» **Task**
Every record below must be copied exactly, with images dropped.

**** Supplied data ****

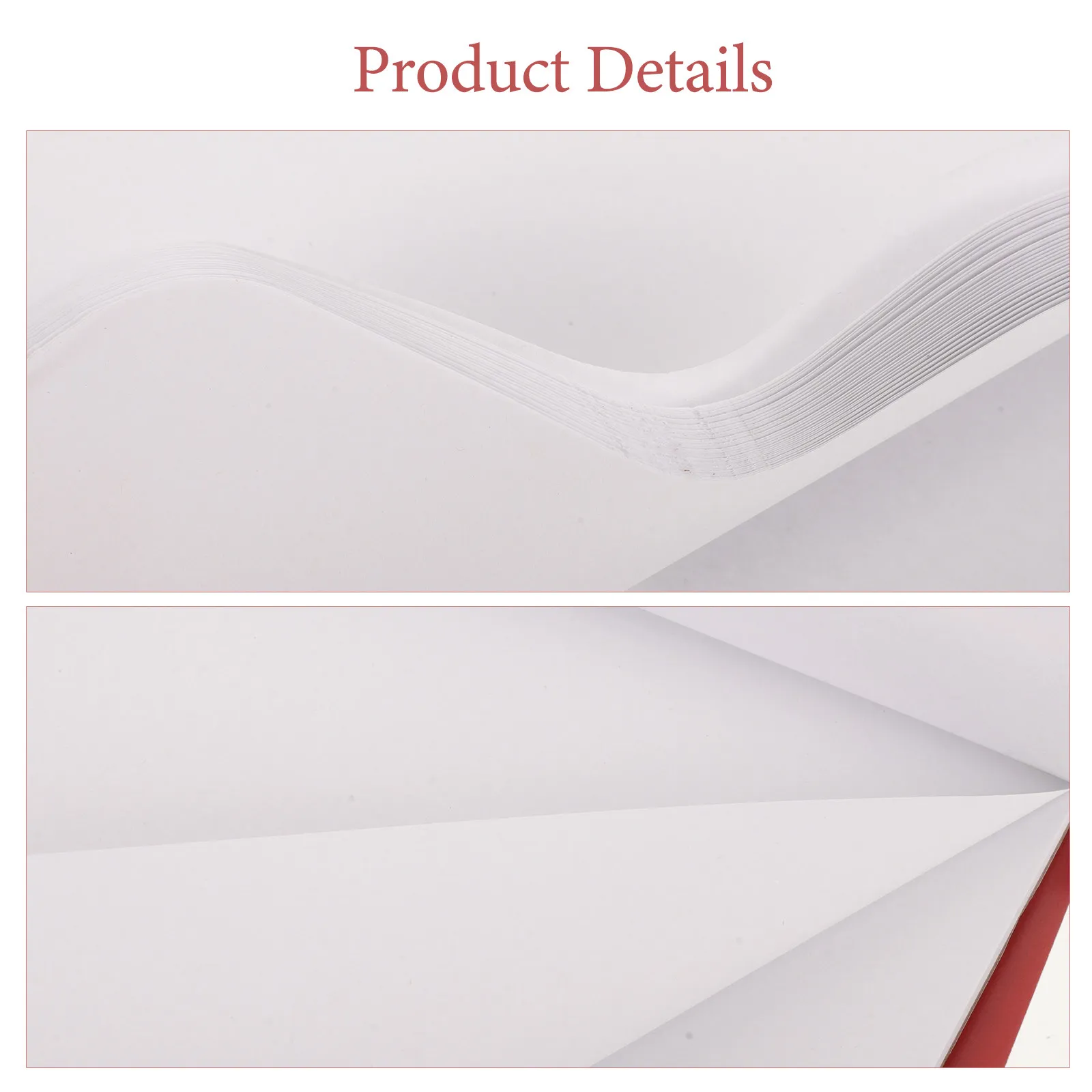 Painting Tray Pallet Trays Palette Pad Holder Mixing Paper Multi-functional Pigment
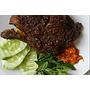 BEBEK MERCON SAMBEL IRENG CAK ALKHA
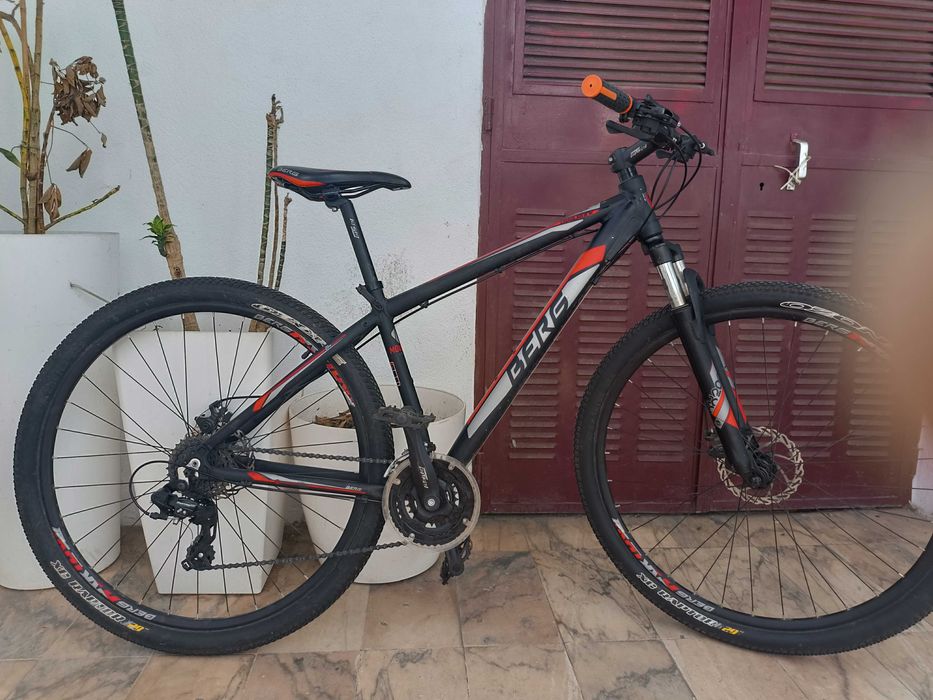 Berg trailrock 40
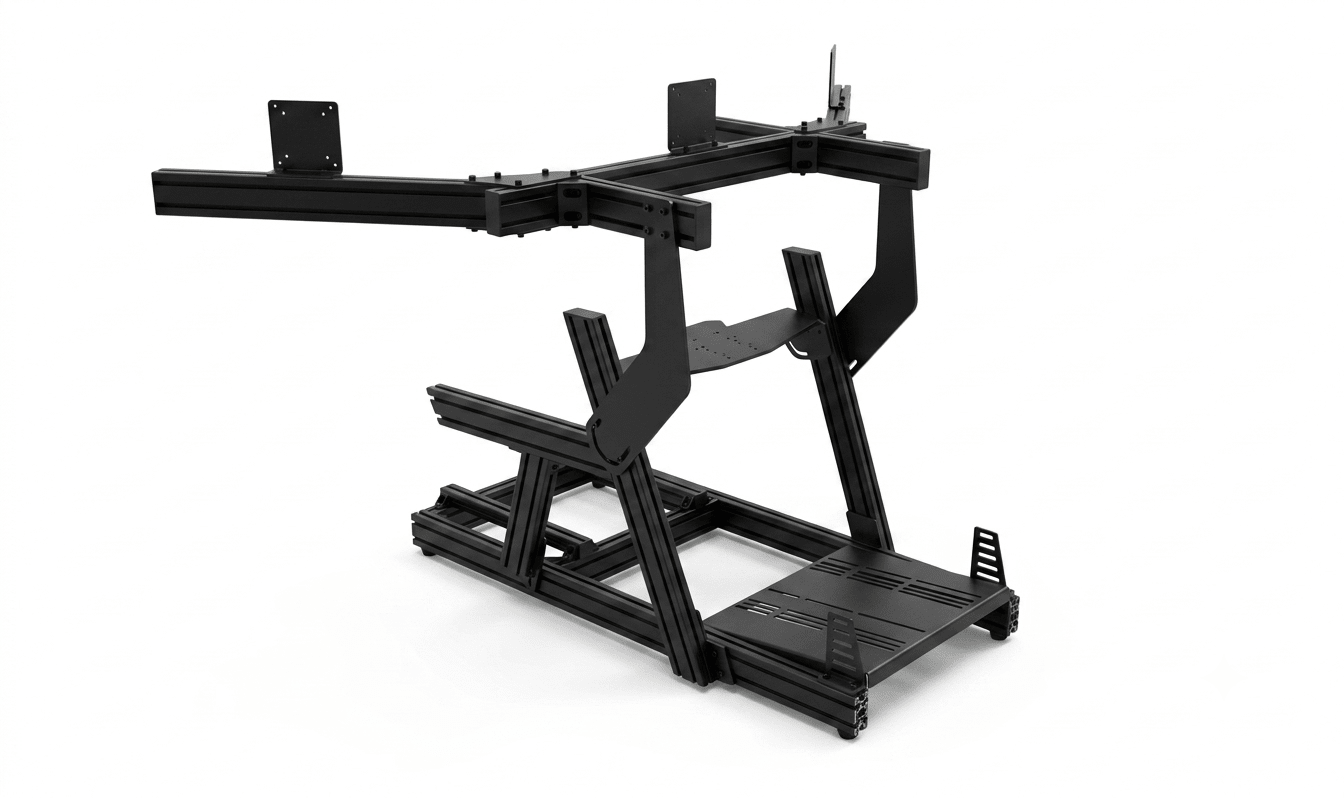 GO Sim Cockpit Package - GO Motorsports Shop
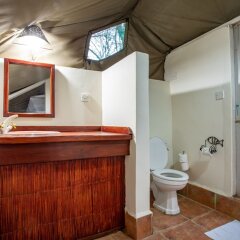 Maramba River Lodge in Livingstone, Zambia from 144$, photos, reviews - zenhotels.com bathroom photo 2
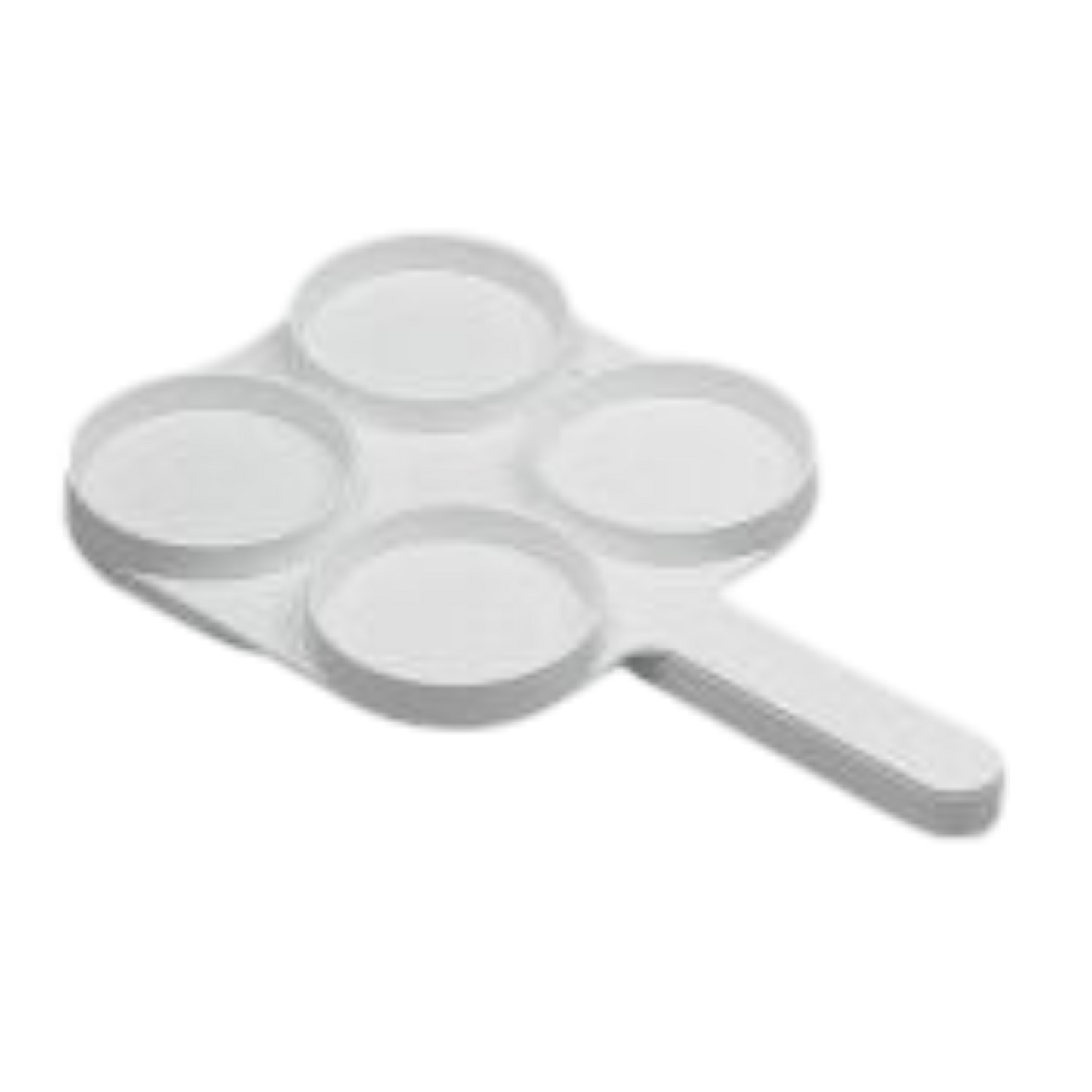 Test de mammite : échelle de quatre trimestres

****

» **Exercise output**
 Painting Tray Pallet Trays Palette Pad Holder Mixing Paper Multi-functional Pigment
 BEBEK MERCON SAMBEL IRENG CAK ALKHA
 Berg trailrock 40
 GO Sim Cockpit Package - GO Motorsports Shop
 Maramba River Lodge in Livingstone, Zambia from 144$, photos, reviews - zenhotels.com bathroom photo 2
 Test de mammite : échelle de quatre trimestres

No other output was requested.